The rating agency noted that Vale has implemented significant risk controls and maintains robust risk policies with board oversight, which are incorporated into executive and employee variable remuneration. Management has consistently emphasized the company’s derisking strategy, investing substantial resources in dam structure remediation and indemnification of affected parties.
In August 2025, Vale completed the decommissioning of its last dam structure classified under emergency risk level 3, transitioning it to level 2 according to Brazil’s National Mining Agency (ANM). The company currently maintains four dams designated under emergency risk level 2, with the complete decommissioning program scheduled to be completed by 2035.
Vale has shifted its strategy to focus on profitability rather than volumes, aiming to maximize the value of its portfolio through optimal balance of silica and alumina blend with the capacity to adapt to market conditions. The company has delivered operational improvements, restored stability in iron ore output, improved nickel operational costs, and expanded copper production.

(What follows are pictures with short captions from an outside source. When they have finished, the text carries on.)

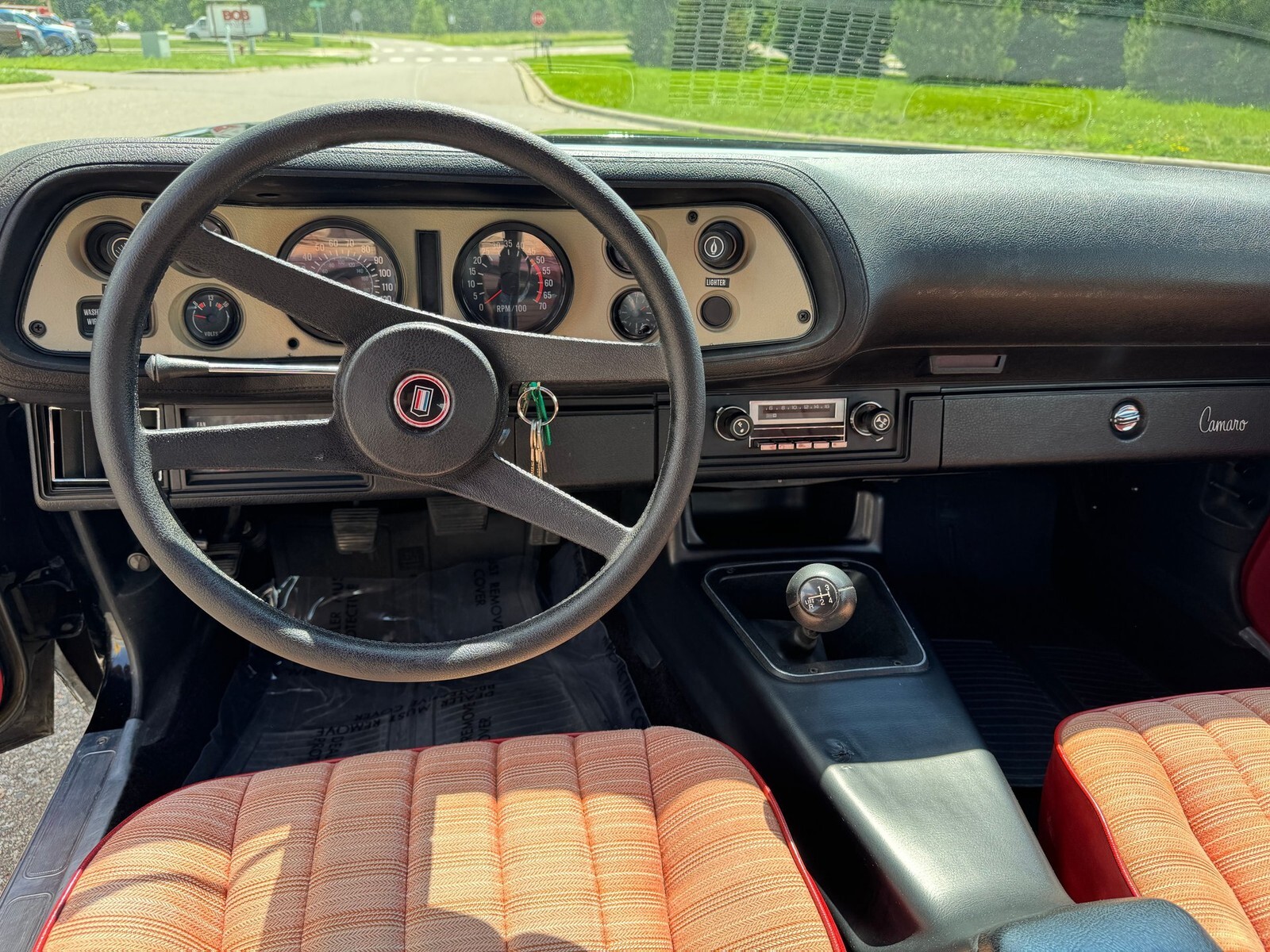1977 Chevrolet Camaro * 4 Speed - photo 11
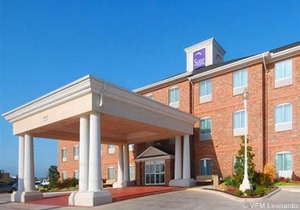 Best Western Plus Waxahachie Inn & Suites in Waxahachie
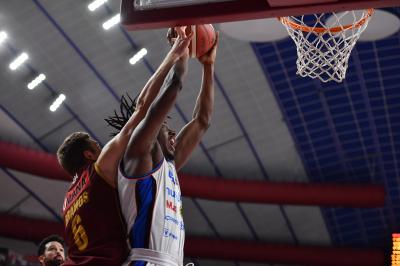 VENEZIA 24042022 LBA NUTRIBULLET TREVISO BASKET - UMANA REYER VENEZIA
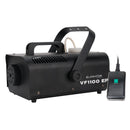 Eliminator VF1100 EP, 1000 Watt Fogger, 8000 Cubic Ft per Minute, Includes Wired Remote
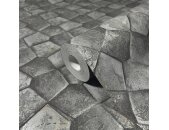 86529 Marburg Felix Diener Eclectic Farbe grau, silber Vliestapete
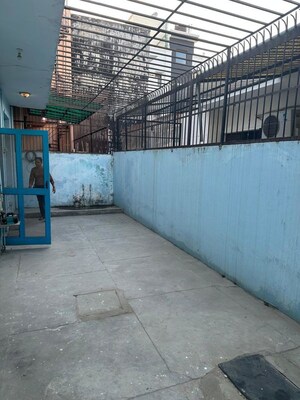 Balcony in 2 BHK Independent House at RWA Apartments Sector 51, Sector 51 – for Rent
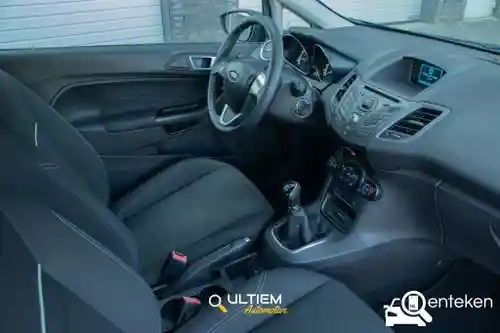 Ford Fiesta 1.0 2013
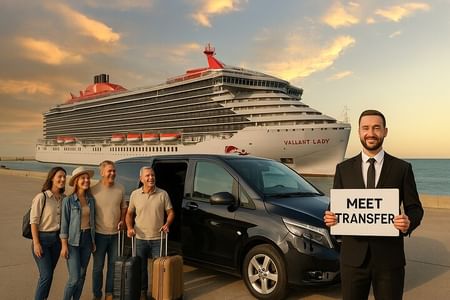 Istanbul Airport Transfer Private Sedan Car – Minivan or Minibus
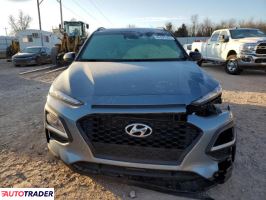 Hyundai Kona 2020 2 Hyundai Kona 2020 2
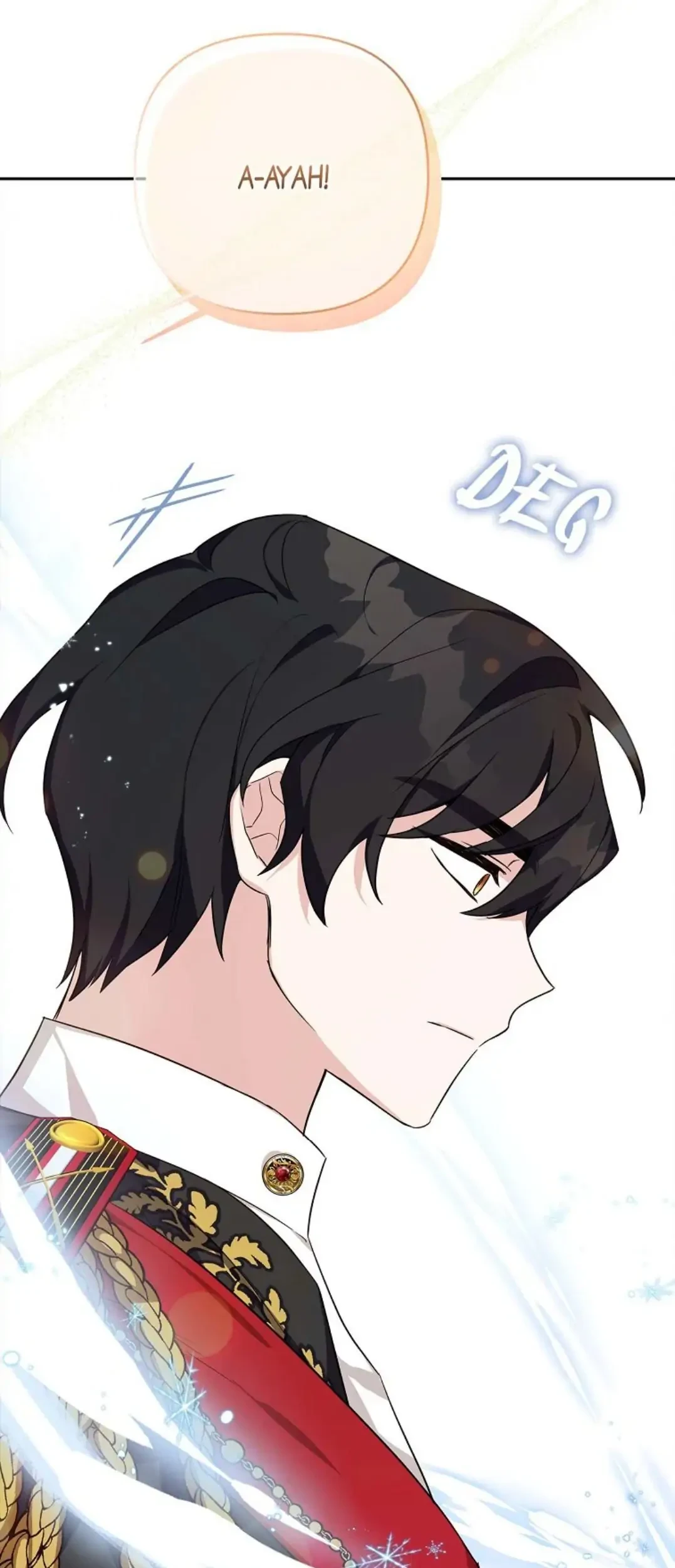 The Little Lady Behind the Villain Chapter 13 Gambar 32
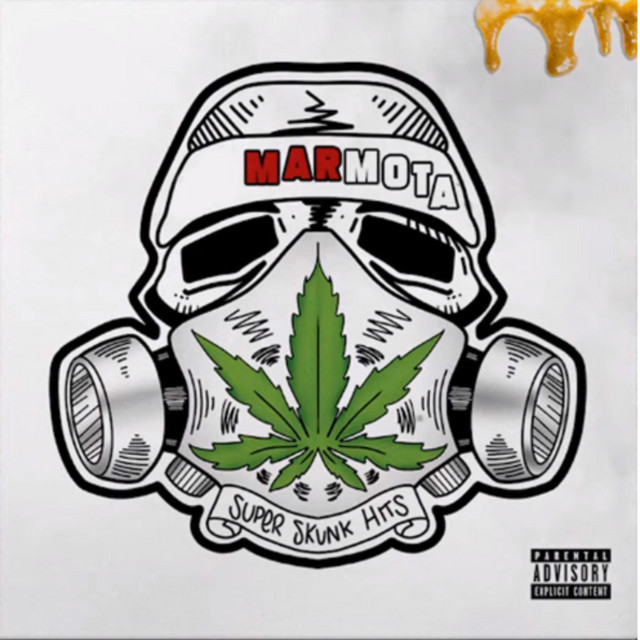 SUPER SKUNK HITS cover art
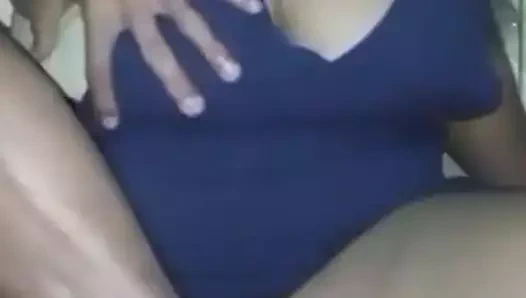 Indonesian mother-in-law asks for her son-in-law's entot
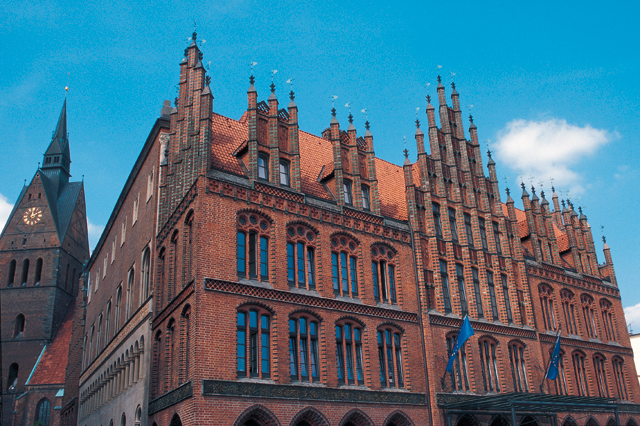 Altes Rathaus Impression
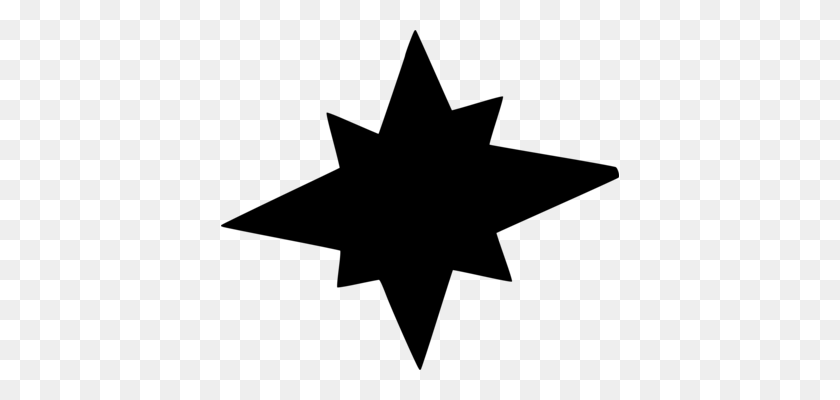 398x340 Descarga Gratuita De Star Clipart - Dallas Cowboys Star Png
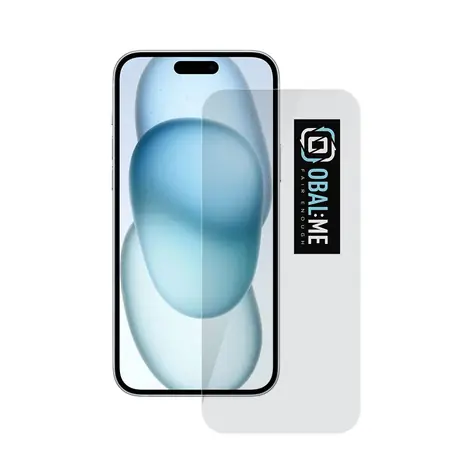 Obal:Me 2.5D Tvrzené Sklo pro Apple iPhone 15 Plus čirá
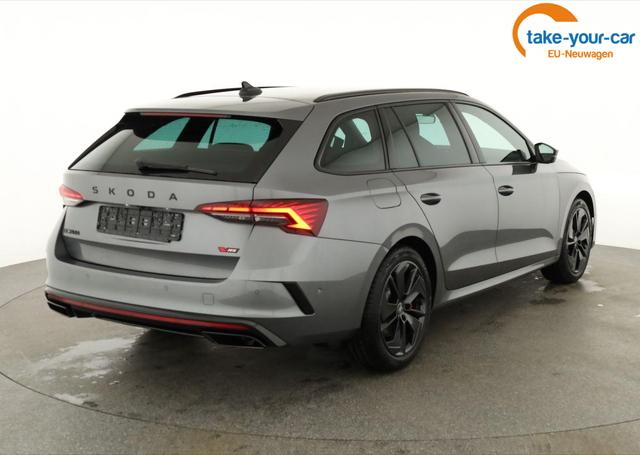 Skoda - Octavia Combi - EU-Neuwagen - Reimport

S&P expects Vale’s EBITDA to be lower in 2025 and 2026 due to reduced premiums and lower prices, particularly for iron ore, despite higher volumes. The agency anticipates nominal EBITDA growth afterward as volumes increase with the ramp-up of Capanema, Vargem Grande, and Brucutu in iron ore, and Salobo and Bacaba in copper.
While leverage is expected to increase amid lower EBITDA, S&P forecasts it will remain below 2x debt to EBITDA. The moderation in EBITDA is partly offset by the gradual reduction in payments related to Brumadinho and Mariana liabilities.
Vale faces significant ongoing cash outflows related to dam failures, with projected payments of $3.6 billion in 2025 and $2.5 billion in 2026. The Mariana definitive agreement totals over R$170 billion (approximately 28% completed), while the Brumadinho agreement amounts to R$63 billion (approximately 75% completed). The Brumadinho repair program is expected to continue through 2031.
The stable outlook reflects S&P’s view that despite EBITDA challenges from lower prices, Vale will maintain debt to EBITDA below 2x. The agency noted that an upgrade is unlikely as the ratings are currently capped at one notch above Brazil’s transfer and convertibility assessment.